Tepat saat itu juga Wendy mengetuk pintu kamarnya. “Nyonya, saya membawa makanan untuk anda.” Wendy membuka pintu kamar dan masuk dengan membawakan satu nampan penuh berisi makanan. Wendy sangat paham jika Nyonyanya itu begitu menyukai cemilan. Maka ia membawanya sedikit lebih banyak.


“Ini makanan anda, Nyonya. Saya membawakan kesukaan anda.” Nampan makanan itu terlihat sangat menggugah selera akan tetapi Kasih sama sekali sedang tidak berselera untuk makan. Kepalanya penuh dengan rencana untuk kabur.


“Anda harus makan sesuatu, Nyonya. Anda akan sakit jika perut anda kosong. Makanlah. Ini sangat enak.”


“Aku tidak ingin makan. Kau bawa saja itu pergi.”


“Kumohon jangan begini, Nyonya. Kasihanilah kami. Anda tentu tau seperti apa Tuan jika ia sudah murka, Nyonya. Kami tidak mau hal itu sampai terjadi,” tutur Wendy menjelaskan.


Kasih menatap wajah Wendy kemudian beralih menatap kearah yang lain dengan tatapan kosong air mukanya tampak menyimpan kesedihan yang amat mendalam. Wendy sempat tertegun melihat perubahan Nyonya mudanya yang malang, ia turut merasakan kesedihan yang dirasakan oleh Kasih namun ia sendiri tidak dapat berbuat apa-apa untuk membantu.


“Sungguh tragis, bukan?” ucap Kasih tiba-tiba masih dengan tatapan kosongnya.


“Eh?” Wendy menatap Nyonya muda dengan pandangan bingung tidak mengerti dengan apa yang sedang dikatakan oleh sang Nyonya.
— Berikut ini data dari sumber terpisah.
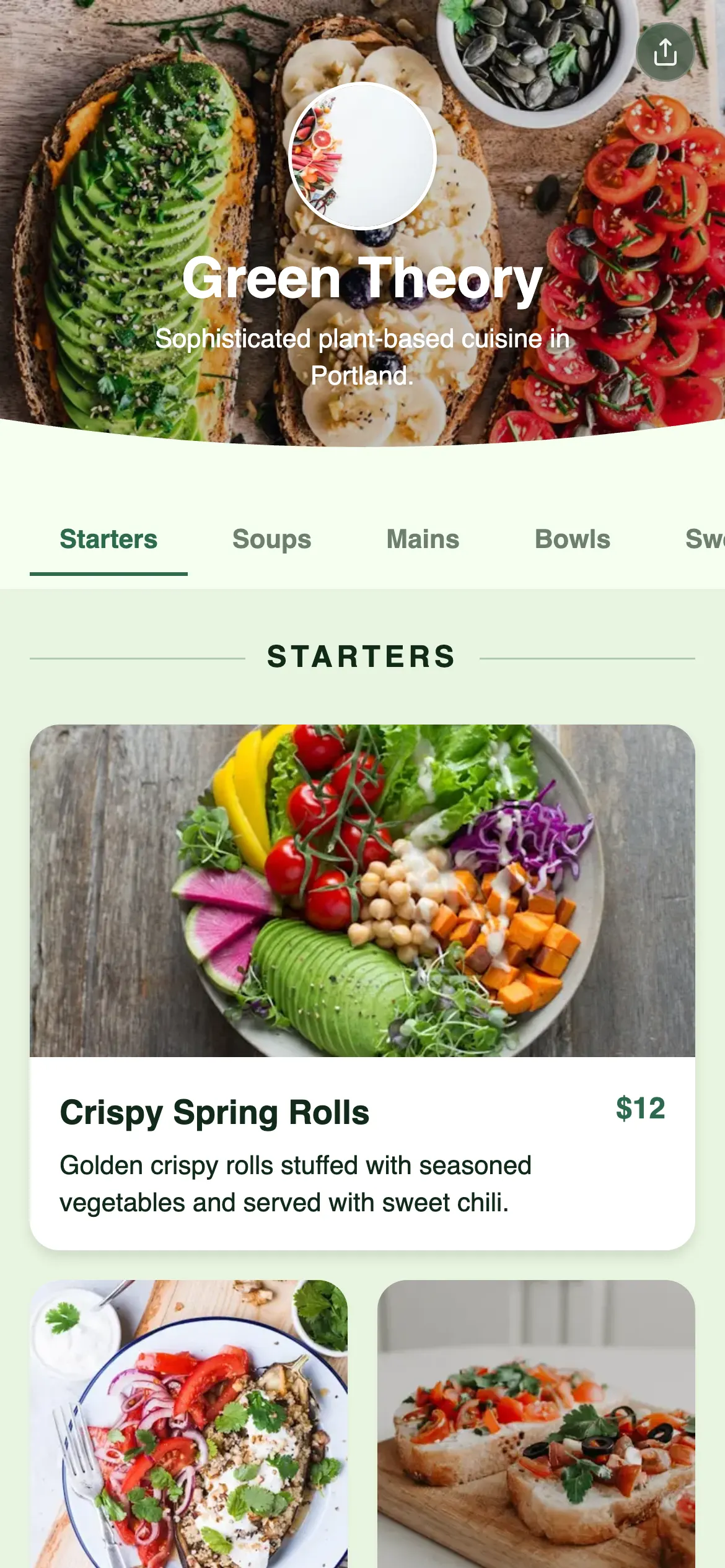 Green Theory digital menu template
“Setiap hari aku selalu membayangkan diriku suatu hari akan berbahagia seperti cerita romantis yang kubaca tanpa bosan. Aku sungguh bodoh kupikir aku berhak untuk mendapat kebahagian yang kuimpikan dan aku terus saja mengharapkan hal itu di dalam hidupku. Akan tetapi, lihatlah diriku yang sekarang ini. Semua sudah direnggut dariku. Cintaku yang bahkan belum sempat kuutarakan sudah diambil secara paksa tanpa sempat mengatakan perasaan satu sama lain. Aku memang bodoh dan tidak beruntung. Mungkin jika ada kehidupan selanjutnya aku akan sedikit lebih beruntung .... “


“Nyonya, anda ... anda jangan berpikir yang tidak-tidak. Saya yakin Tuan Smith hanya sedang marah sebentar saja, hal itu tidak akan berlangsung lama. Mohon anda untuk bersabar,” ujar Wendy menatap iba. Ia sungguh mengerti perasaan Kasih saat ini. Pernikahannya dengan Tuan Smith memanglah hanya suatu ketidaksengajaan belaka dan hal itu membuat Kasih harus merelakan segalanya dihidupnya. Tidak jarang ia memergoki Nyonya muda itu menangis dalam diam sendirian. Nyonya muda itu sangat ahli menyembunyikan perasaan sesungguhnya. Dari luar Kasih terlihat kuat dan seakan baik-baik saja. Namun tidak ada yang mengetahui Kasih selalu menangis sendirian.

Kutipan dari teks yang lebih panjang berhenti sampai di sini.